Saturday, October 27, 2007

Snape Kissed Dumbledore!

I’m sure many of you have either heard about or read one of the many articles concerning J.K. Rowling’s publicity stunt where she “came out” and proclaimed in all of her authorial splendor that Headmaster Dumbledore, a fictional character in her incredibly popular Harry Potter series, is actually a flaming homosexual. I bet Fawkes was his secret lover.
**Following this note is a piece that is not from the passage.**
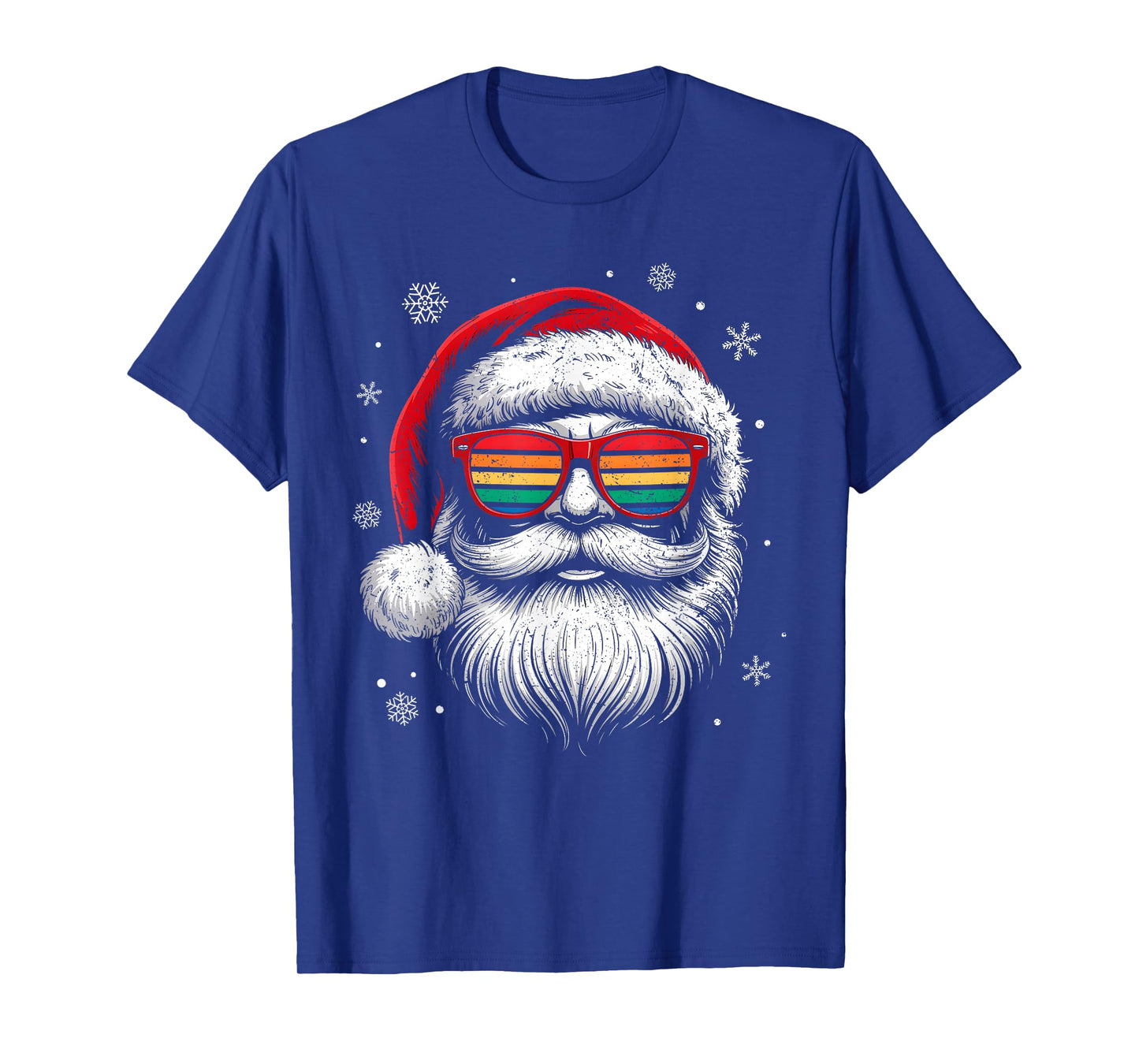 Sunglasses Santa Hat Summer Christmas Xmas In July Men Boy T-Shirt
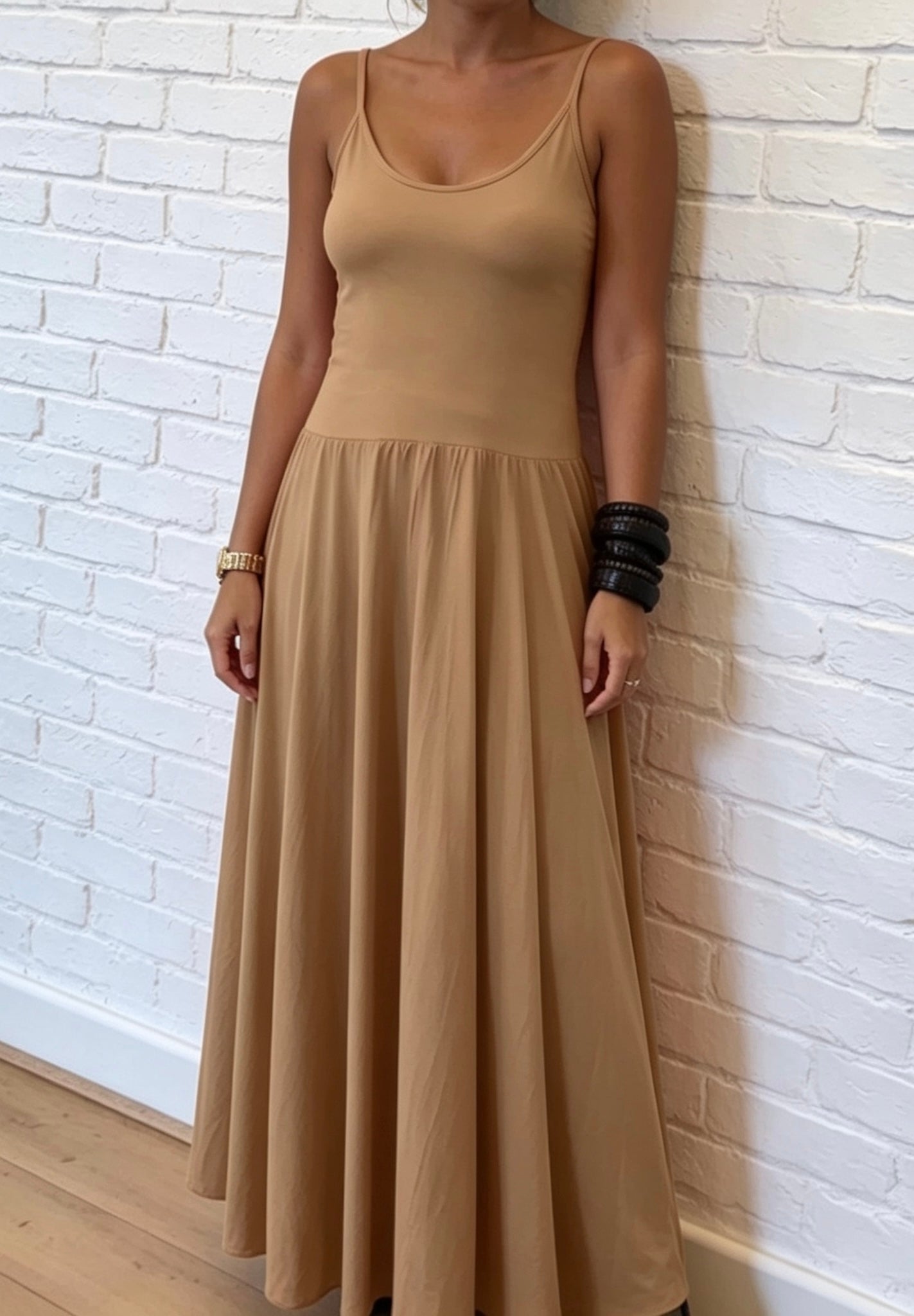PRIYA DRESS - CAMEL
It’s too bad there’s one small problem with this revelation: there is no direct literary proof. I don’t care who the author is – you cannot dictate anything about your characters that isn’t somehow alluded to in the book. Rowling does cite an obscure reference to Dumbledore’s childhood which she claims to be circumstantial proof that Dumbledore is gay, when in fact the rest of Dumbledore’s literary behavior and character devolpment is completely heterosexual and normal. The way I read it, Dumbledore is written as a heterosexual father figure who is the last person ever to be suspected as gay, and if it weren’t for the advances of the gay movement to infiltrate every aspect of society with their lies and filthy lifestyle and have the audacity to pass it off as normal, there wouldn’t even be a discussion about this.
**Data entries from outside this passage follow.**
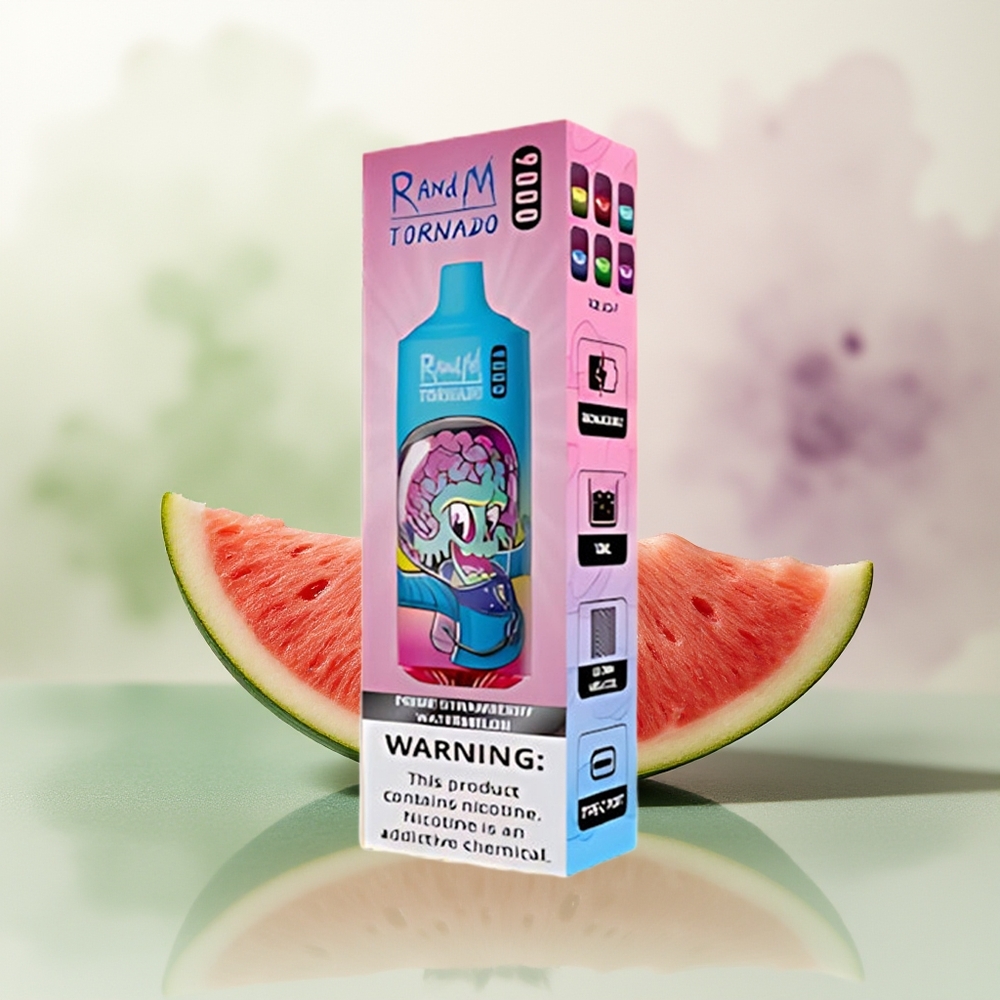 Wholesale Pakistan RandM Fumot Tornado 9000 Puffs Disposable Vape Prime Strawberry Watermelon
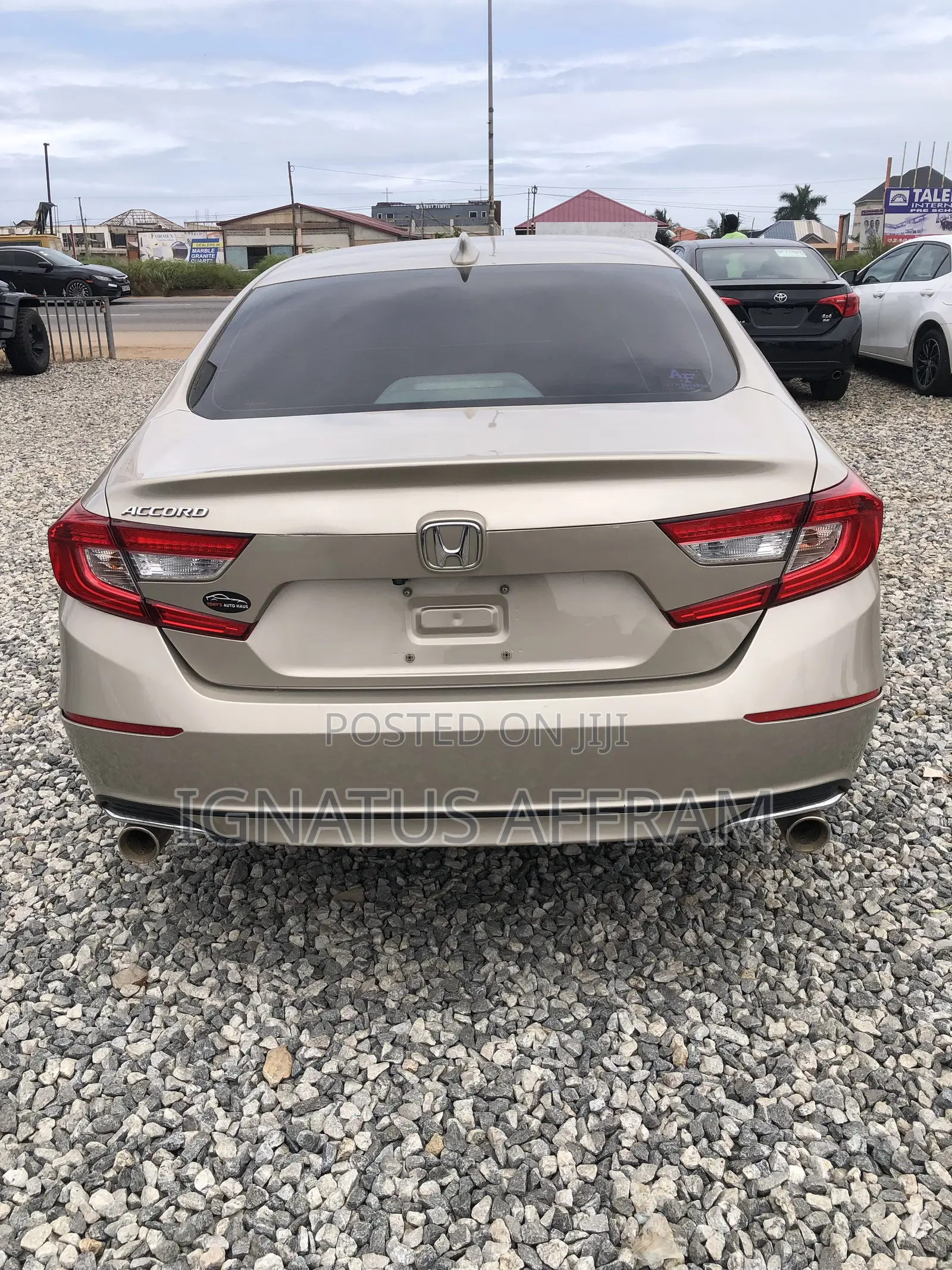 Honda Accord EX-L (2.0L 4cyl Turbo 10A) 2019 Beige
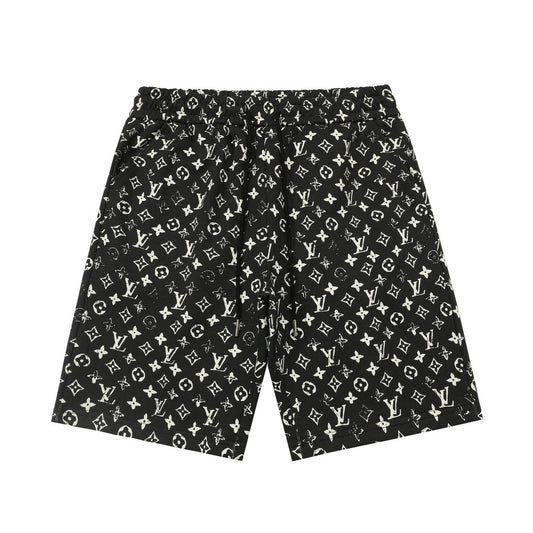 250408 New high-quality full-print distressed shorts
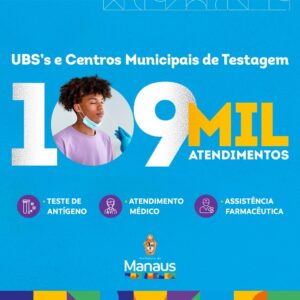 Read more about the article Centros Municipais de Testagem e UBSs realizaram 109 mil testes de Covid-19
Rowling cannot interpret the story she wrote for her readers. That is what is dynamic and engaging about fictional literature: it can be interpreted in many different ways by many different people, and in the end, there may be several different correct ways to interpret any given story, as long as the interpretation is built on the solid foundation of literary proof. But you cannot make up an interpretation without sufficient literary proof. And as an author, you cannot tell your readers how to interpret your book if there is more than one way to interpret it.

Seeing as Rowling’s evidence for accusing Dumbledore of being gay is overshadowed by the complete lack of homosexuality in the rest of his character development throughout the seven-book series, coupled with the fact that sexuality as a whole is completely absent from the series due to the fact that Harry Potter was written as a children’s book, I see no other conclusion than this is just another fictional interpretation of a character, and a weakly supported one at that. If she were a literary critic making this remark, (in a sane world, mind you) she would be laughed at for making such a preposterously unsubstantiated claim. So in no way does Rowling have the right as author to tell us that her interpretation is right when it was clearly not in the story.

Barbara Kay, a woman who has written articles about this authorial overstepping of bounds, has a great quote that sums up what is wrong with Rowling’s statement. She said “Once the books are written, the gates of the fictional characters’ lives and their world clang shut. Any post-publication pronouncements she makes about her characters are superfluous and inadmissible, except as a personal self-indulgence on her part, and likely a bid to appear tolerant and liberal.”

She goes on to say that “whatever Rowling is as a person, and whatever her sympathies are for gays in the real world, they are irrelevant to Hogwarts, since she failed to include that component in the stories as written. She is an author of fiction, not a social worker. In a literary work, the characters must be true to the parameters of the fictional landscape in which they find themselves, and in Hogwarts there is – or was - no adult sexuality.”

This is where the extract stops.